AFP – A Palestinian prisoner held in Israel since July 2012 who staged a life-threatening hunger strike was released from prison on Monday, an AFP journalist said.
Samer Issawi, whom authorities had accused of “terrorist” activities, ended his strike in April after he was taken to hospital in critical condition, in return for a promise he would be freed.
Under the terms of that deal, Issawi was due to be freed eight months from the end of his hunger strike and allowed to return to his home in Issawiya in Israeli-annexed east Jerusalem.

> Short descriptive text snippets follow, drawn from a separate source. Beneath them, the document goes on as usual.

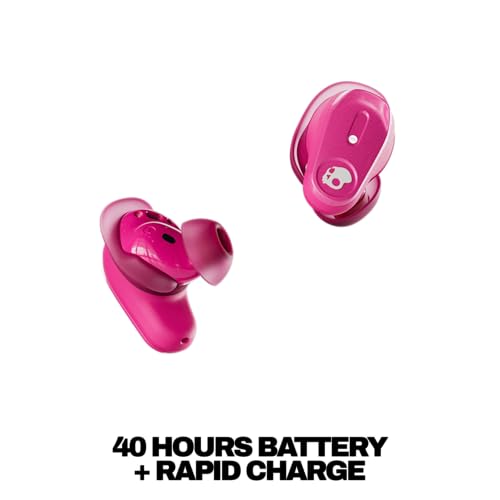 Image of Skullcandy Method 360 ANC Wireless Earbuds, Sound by Bose, Bluetooth Headphones, Premium Noise Cancelling, Up to 40 Hrs Battery, Sweat and Water Resistant, Microphone for iPhone Android - Crazy Pink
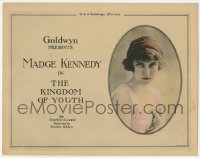 1b1829 KINGDOM OF YOUTH TC 1918 head & shoulders portrait of beautiful Madge Kennedy, ultra rare!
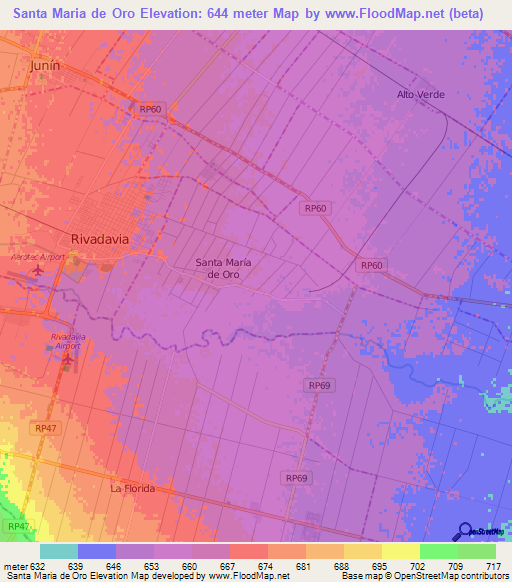 Santa Maria de Oro,Argentina Elevation Map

Thousands of Palestinians came out to celebrate his return to Issawiya, honking car horns and waving flags of different Palestinian groups, witnesses said.
Issawi was arrested in 2002 and sentenced to 26 years in prison for “terrorist activities.” He was freed in 2011 as part of a prisoner swap of around 1,000 Palestinians in exchange for Israeli soldier Gilad Shalit, captured by militants from the Gaza Strip.
But authorities re-arrested Issawi in July 2012, accusing him of travelling to the West Bank to set up “terrorist cells” and demanding that he finish his sentence.
Issawi said he had gone to the West Bank to have his car fixed, and refused offers to release him on condition he go to the Gaza Strip and then a European Union country.
The detention of Issawi, a member of the far-left Democratic Front for the Liberation of Palestine, made him an iconic figure for Palestinian prisoners in Israeli jails.
Israel holds more than 5,000 Palestinians in its prisons, most of them on security grounds. Around 150 of these are held under administrative detention, without charge or trial, and another 150 are minors.